ONERE DELLA PROVA IN AZIONE DI ACCERTAMENTO DA PARTE DEL CORRENTISTA BANCARIO


Non può supplirsi all’onere dell’attore di provare i fatti costitutivi della domanda, ex art. 2697 c.c., con la richiesta rivolta al giudice di ordinare a controparte l’esibizione di documenti, integrando, tra l’altro, l’inosservanza all’ordine di esibizione, quando concesso, un comportamento liberamente valutabile dal giudice di merito, ai sensi dell’art. 116 c/2 c.p.c.; pertanto, il giudicante potrà ordinare l’esibizione di un documento a norma dell’art. 210 c.p.c. solo se la prova del fatto che si intende dimostrare non sia acquisibile “aliunde” e se l’iniziativa non abbia finalità esplorative.

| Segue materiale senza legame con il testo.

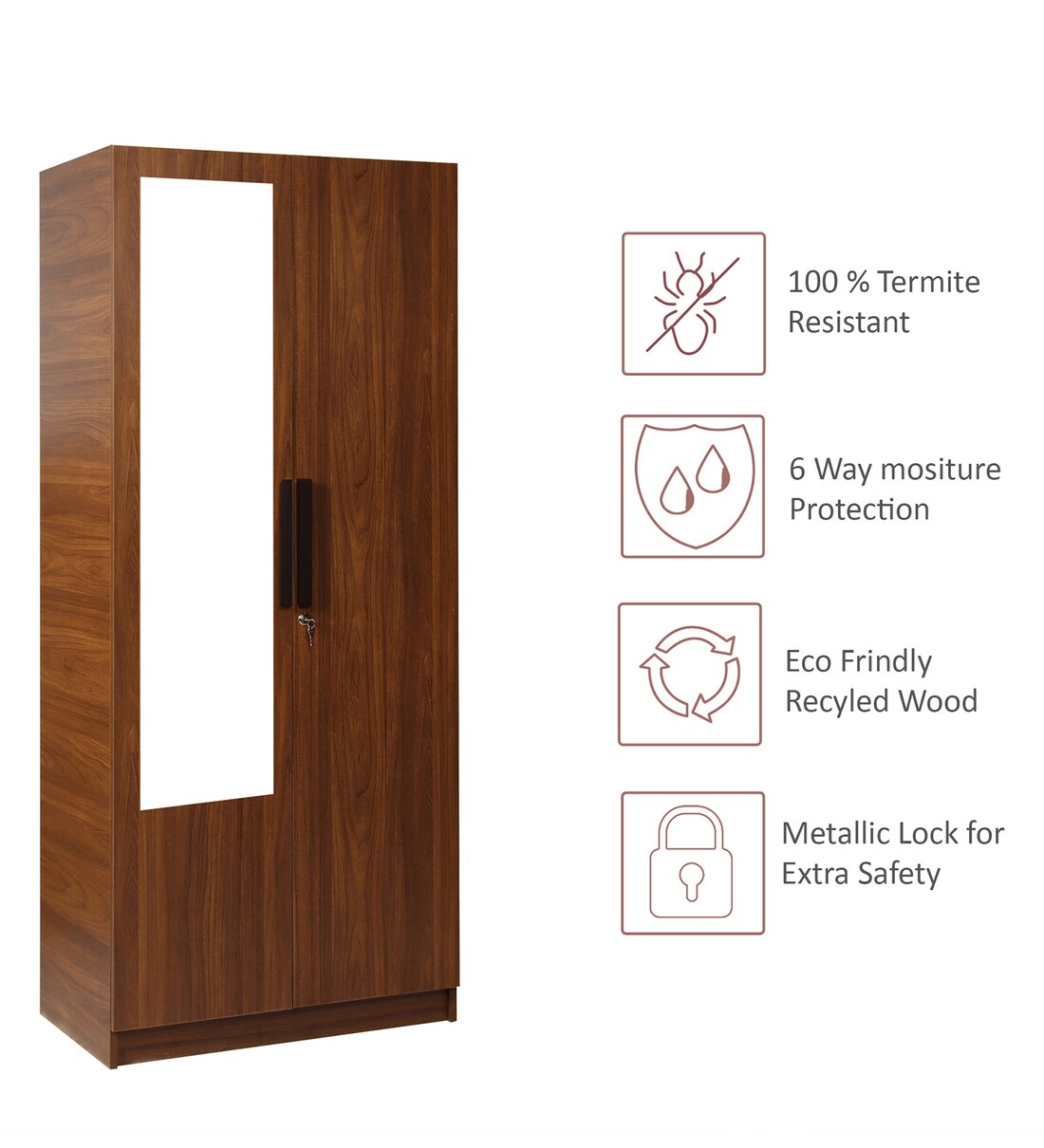 Buy Ozone 2 door Wardrobe With Mirror in Teak Finish by Trevi Furniture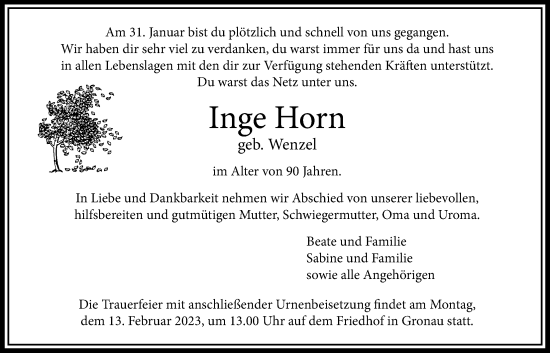 Traueranzeige von Inge Horn von Bad Vilbel/Karben
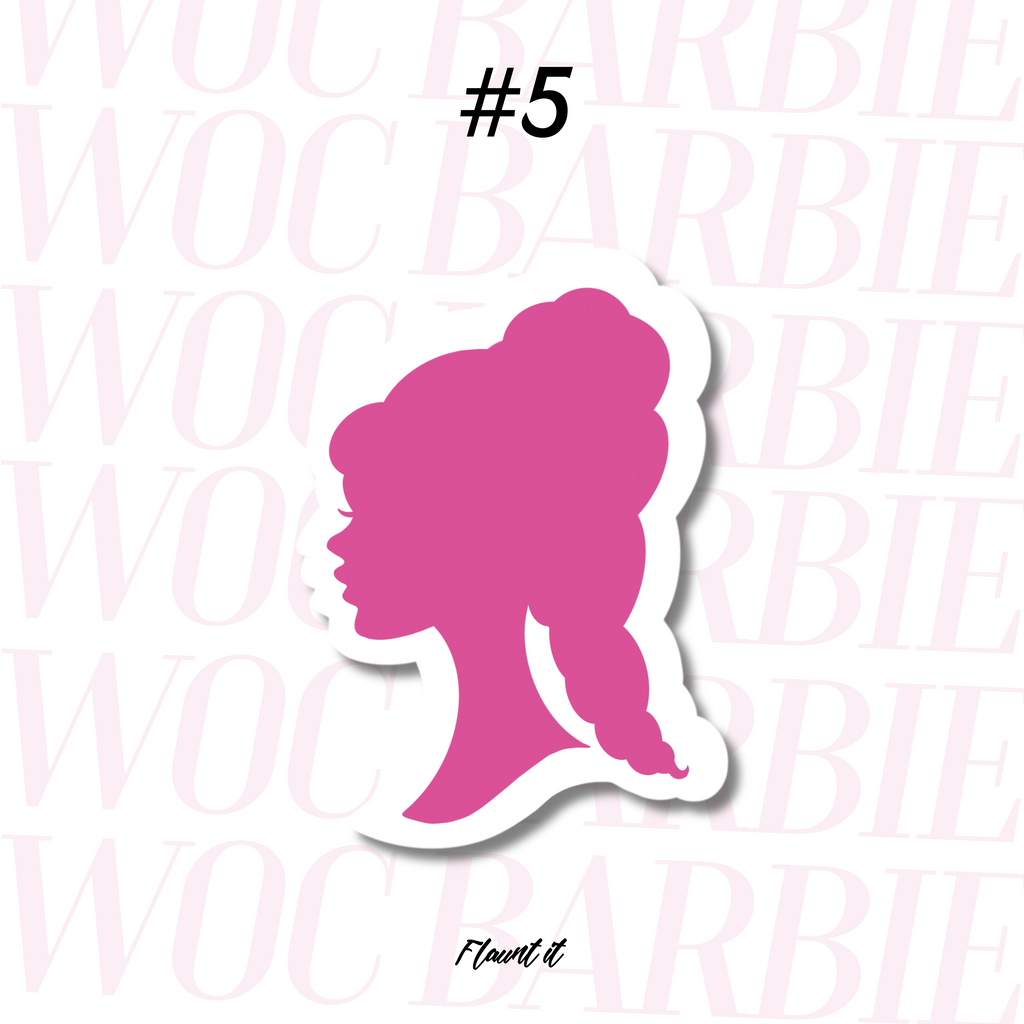 Pink silhouette of a woman with textured hair in a long, puffy braid.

Poiché, ai sensi dell’art. 119 T.U.B., il cliente ha avuto la possibilità (avendone diritto) di ottenere in via stragiudiziale la disponibilità della documentazione inerente a singole operazioni bancarie poste in essere negli ultimi dieci anni, la S. C. ha affermato che l’istanza ex art. 210 c.p.c. di esibizione della documentazione, oltre ai requisiti sopra accennati, possa ragionevolmente trovare accoglimento da parte del giudice solo a condizione che sia risultata vana la precedente richiesta.